El inolvidable sabor del paraíso perdido

A cierta edad todo artista comienza a vivir en la frontera que divide el show de la caída del telón. Y uno tiende a ir a sus recitales con un poco de morbo.

Lo recuerdo a Roberto Goyeneche en un teatro de Corrientes. El marco del espectáculo era cuasipatético, con flores rojas de plástico, un sonido no del todo aceptable y poesías recitadas a mansalva, como si la noche fuera eterna, de labios de una compungida actriz vestida de negro El público la terminó pifiando, dicho sea de paso. En medio del circo cruel, pretendidamente tanguero (o más tanguero que el tango), "El Polaco" se hacía un espacio y cantaba. El traqueteo de los años enquistado en su garganta y las ovaciones insufribles de un público que más que escucharlo quería vitorear el hecho de que aún estuviese vivo, volvían la performance de Goyeneche una verdadera hazaña Ahora pienso en Celia Cruz. No fue decadente el último espectáculo que brindó en Neuquén tiempo atrás, aunque Celia ya era digna de apuestas maliciosas.

Su presentación tampoco resultó una fiesta para salir bailando medio desnudo del "Ruca Che" En rigor, se trató de un show internacional bien pensado, en el que se combinaban dosis eficientes de ritmo salsero, personalidad caribeña, un toque de glamour de escenario cubano para turistas famélicos de ron y la presencia, ineludible, de la más grande de todas la "guaracheras" de la historia. En los primeros cinco temas su voz atronaba con una potencia digna del líder de Metallica. Después desafinaba un poco. Eso sí, siempre arriba del son.

Su decisión de llevar el espectáculo hasta sus últimas consecuencias cautivaba al público. Los salseros nacidos en el Caribe tienen por costumbre tocar muy fuerte. Los tímpanos de su audiencia nunca salen indemnes. Celia cantaba así.

Celia Cruz había alcanzado la categoría de mito viviente y, por supuesto, objeto de parodias internacionales. ¿O no les pareció sospechosamente similar a Celia aquella viejecilla "hot" que acompañaba a Cameron Díaz en "Loco por Mary"?

La cantante se erigió en la sacerdotisa de la fiesta eterna en una sociedad enamorada del Prozac. El sol que nunca se ponía en sitios como Miami (y eso que ella vivía en Nueva Jersey). En definitiva, casi un corto publicitario.

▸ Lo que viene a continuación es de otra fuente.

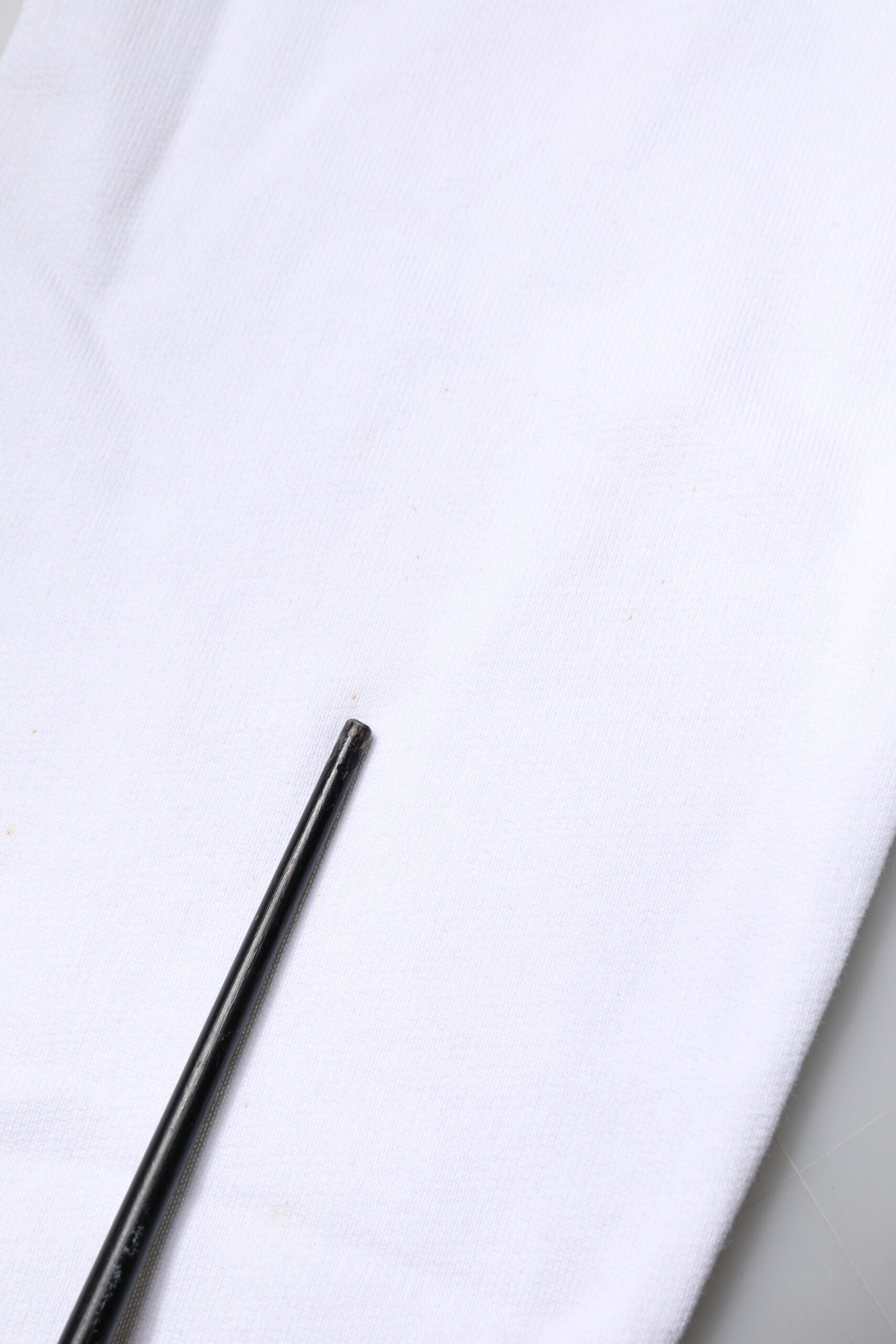Black sewing needle on white fabric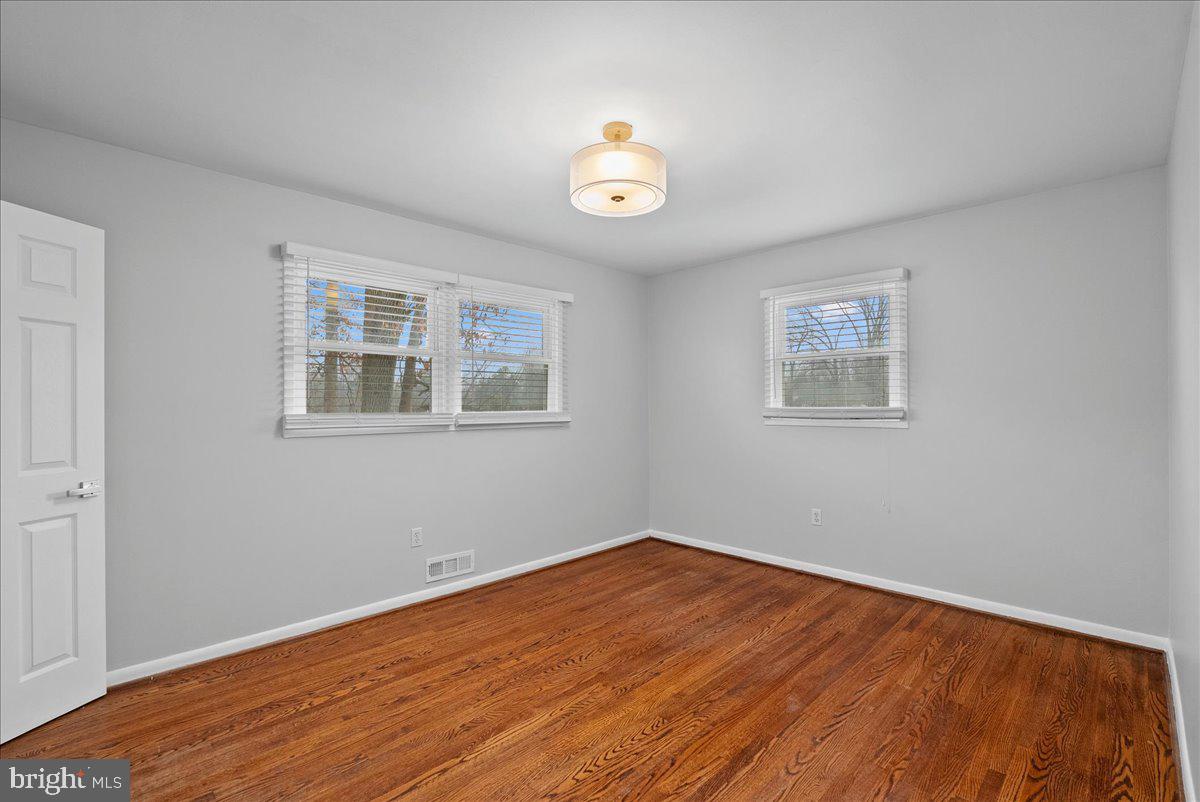 7845 Brompton Street Springfield, VA 22152 - Photo 13 of 32 a view of empty room with wooden floor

En su juventud interpretó mejor que nadie algunos de los mayores clásicos musicales de Centroamérica. Entonces su foto en la tapa de los discos mostraba a una morocha de mirada intensa y oscura. Llevaba el pelo tirante y su sonrisa dejaba entrever una poderosa línea de dientes blancos. Puro Caribe.

En Miami, el imaginario colectivo del cubano exiliado y el de cualquier inmigrante de otros países latinoamericanos la pusieron en un póster. En videos de MTV en castellano regados con licor de banana. La añoranza del extranjero talló un gesto perpetuo. Porque si hay un gesto rocker, también hay uno caribeño. Un modo latino de entender la felicidad.

Su movimiento inagotable -más propio de los '90 anfetamínicos que de los '60 playeros y hierberos-, su éxtasis infinito, compusieron un producto característico de una época en la que estar a "full" puede considerarse un valor. Celia no descansaba jamás. Si Diego Torres todavía reparte esperanza, Celia prendía en el pecho de sus seguidores la escarapela de la alegría. Una alegría en colores, acaso algo chillona y for export, pero alegría al fin Cantaba, y cantará probablemente por siglos, acerca de un mundo idílico curado de penas, macerado en caña de azúcar Verdad o mentira, Celia era un símbolo del paraíso perdido.